Take the line containing "笑顔の女子高校生 笑顔の女子高校生" through the last line of the data and retype those lines exactly. Pictures do not belong in the copy.

(Information supplied)

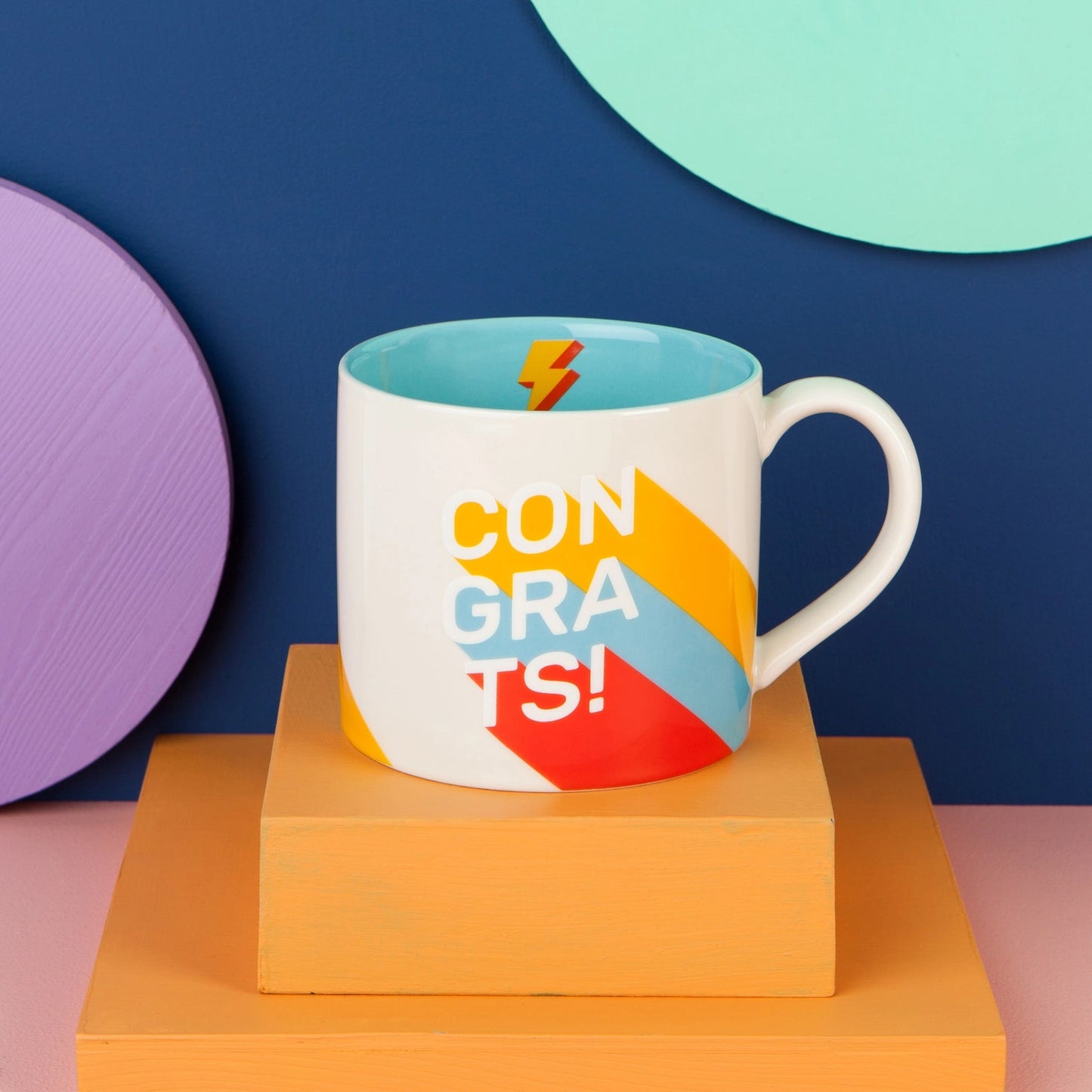 Congrats Mug | Stoneware Coffee Tea Cup | 14 oz
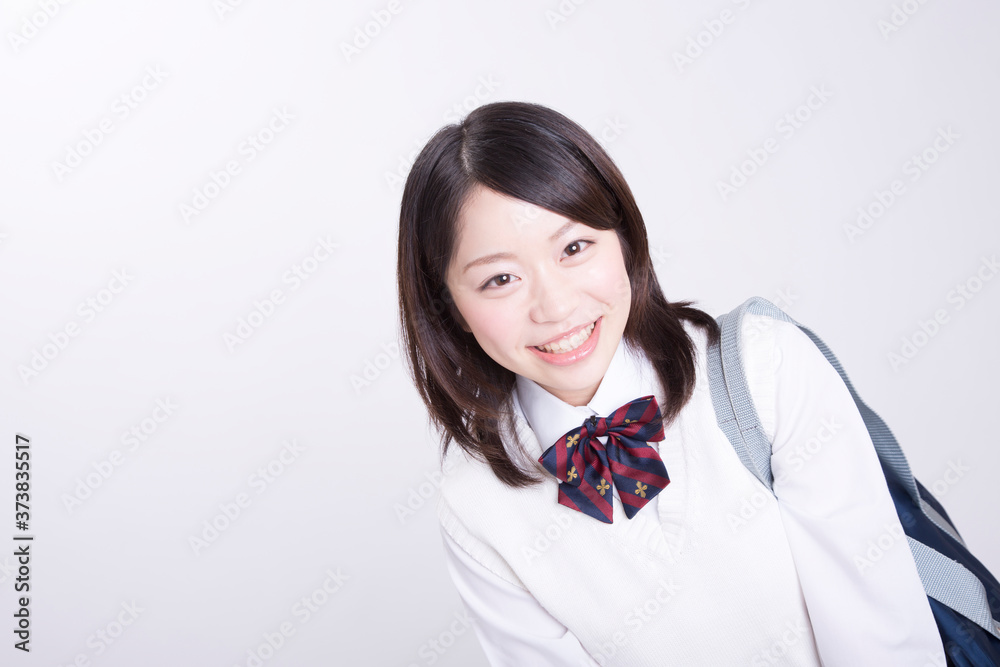 笑顔の女子高校生 笑顔の女子高校生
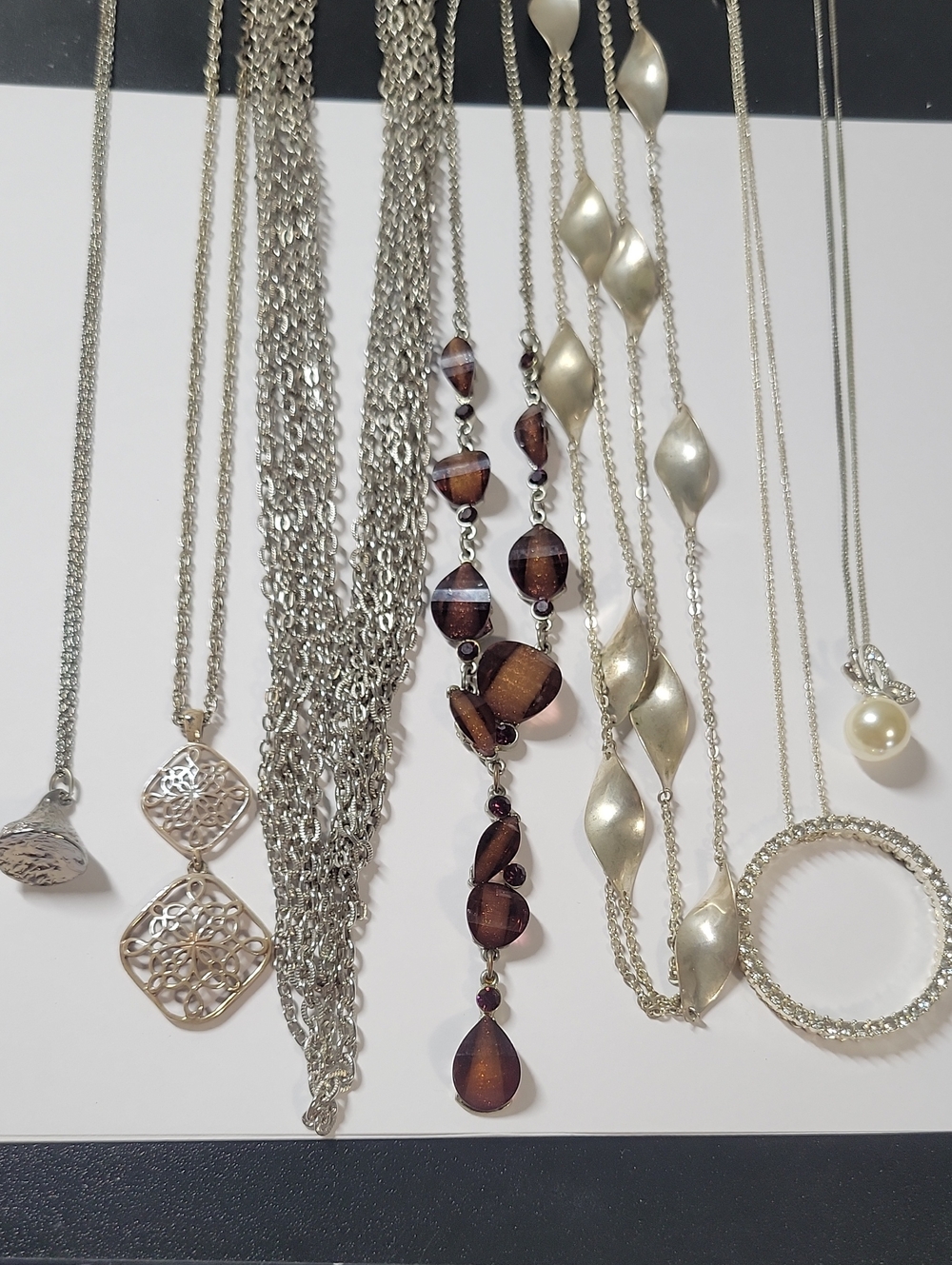 Silver Tone Costume Jewelry Lot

(End Information supplied)

§ **Answer**:
 笑顔の女子高校生 笑顔の女子高校生
 Silver Tone Costume Jewelry Lot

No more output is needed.